It’s the ultimate democratization of deciding what initiatives to pursue—which levers to pull. A culture of experimentation begins with the assumption that no one knows with absolute certainty what will work—every idea is testable.

It’s empowering and it’s also a huge relief. 

“I’m afraid to test … what if it doesn’t work?”

But what if it does? 

Something to consider: in a world that constantly and rapidly changing, is it a bigger risk to do the same thing you’ve always done and expect the same results, or is it better to test something new that may not work—but may also provide you with insights that will lead to  a breakthrough in your organization’s fundraising growth?

Or suppose you have a new idea and make a dramatic wholesale change to a fundraising email or a donation page template. Did it work? How do you know?

Did you split-test your idea so that half your donors received the control while half saw the treatment (your new idea)? 

Testing eliminates guesswork. It ensures that you only invest time and resources into the ideas that work. Testing is extremely risk averse.

The Power of Emotion

You can’t make a purely logical argument and expect it to be effective when you’re asking people to give, because people first make a decision based on a visceral response that they have.

We make all of our decisions based on emotion first, and then (and only then) we use logic and reason to go and rationalize our decision. 

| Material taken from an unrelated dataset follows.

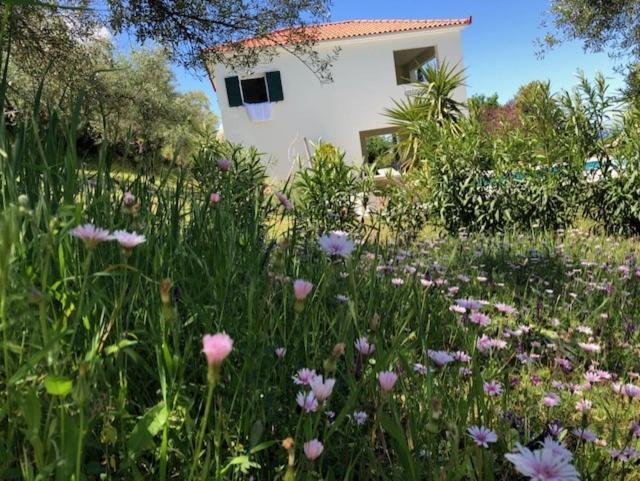Villa Kyparissia De Wandelboom Vrises  Exterior foto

So when you’re writing an appeal or creating a landing page or some sort of fundraising campaign on social media, you can’t just lead with all the data, the facts, the figures. 

You need to wrap it inside a cohesive story. 

That story needs to connect with the person, because people give to people, not to websites, not to emails, not to landing pages, not to direct mail campaigns.

People give to people first and foremost. So you have to humanize your message first,, and then you can rationalize the reasons why somebody should give with your value proposition. 

Once you put emotion at the center of your appeal, you can find a balance between qualitative and quantitative storytelling.

Qualitative storytelling appeals to emotion, which is very effective, but pair it with a quantitative story—like impact statistics—and you’re painting a more realistic and impactful picture for your potential donor.

Going all in on qualitative storytelling may leave some donors craving for more validity on the quantitative side. 

But if you’re just leading with numbers, people may feel—even subconsciously—disconnected from  your message.

Humanity trumps everything in philanthropy

You’ve read it again and again — people give to people.

Sometimes we get so caught up in our marketing strategy or vernacular that we lose our humanity.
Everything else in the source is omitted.